August 4, 2016
The United National Education, Scientific, and Cultural Organization (UNESCO) World Heritage Centre and the International Union for Conservation of Nature (IUCN) are calling for the creation of the first oceanic World Heritage Sites.
In a joint report titled, World Heritage in the High Seas: An Idea Whose Time Has Come, the agencies reason that oceanic sites fit the World Heritage Convention, which defines the natural and cultural places that can be included as a World Heritage sites.
The report presents five diverse sites that could be recognized as having “outstanding universal value,” a key principle of the World Heritage Convention. The proposed sites include the Costa Rice Thermal Dome in the Pacific Ocean, a spawning and feeding site for many endangered and commercially valuable species; the White Shark Café, the only known gathering point for white sharks in the north Pacific; the Sargasso Sea in the Atlantic Ocean, known for its “golden floating rainforest” of Sargassum algae; the Lost City Hydrothermal Field in the Atlantic Ocean, an 800 meter-deep area dominated by carbonate monoliths; and the Atlantis Bank, a sunken fossil island in the subtropical Indian Ocean.

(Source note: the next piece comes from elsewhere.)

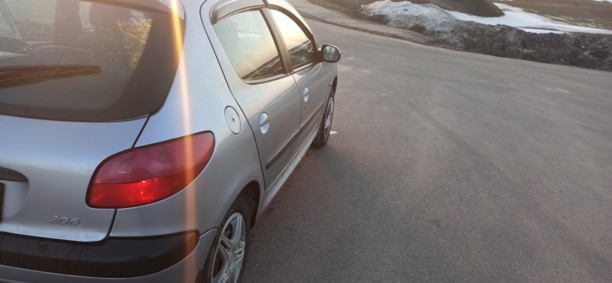 Peugeot 206 I, 2001 г.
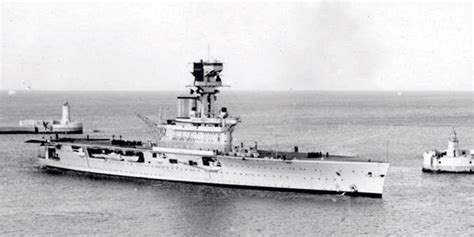 HMS Hermes; the first aircraft carrier | Heritage Machines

The desire to classify these locations officially as World Heritage Sites is largely inspired by the opportunity to protect them. “These areas are exposed to threats such as pollution and overfishing, it is therefore critical to mobilize the international community to ensure their long-term conservation,” argued Dan Laffoley, Principal Advisor on Marine Science and Conservation for IUCN.
However, these oceanic sites are located far offshore, outside any national jurisdiction. Currently, only countries can propose sites for inscription, meaning that current nominating and approval processes must be amended before any high-seas location can officially be given heritage status.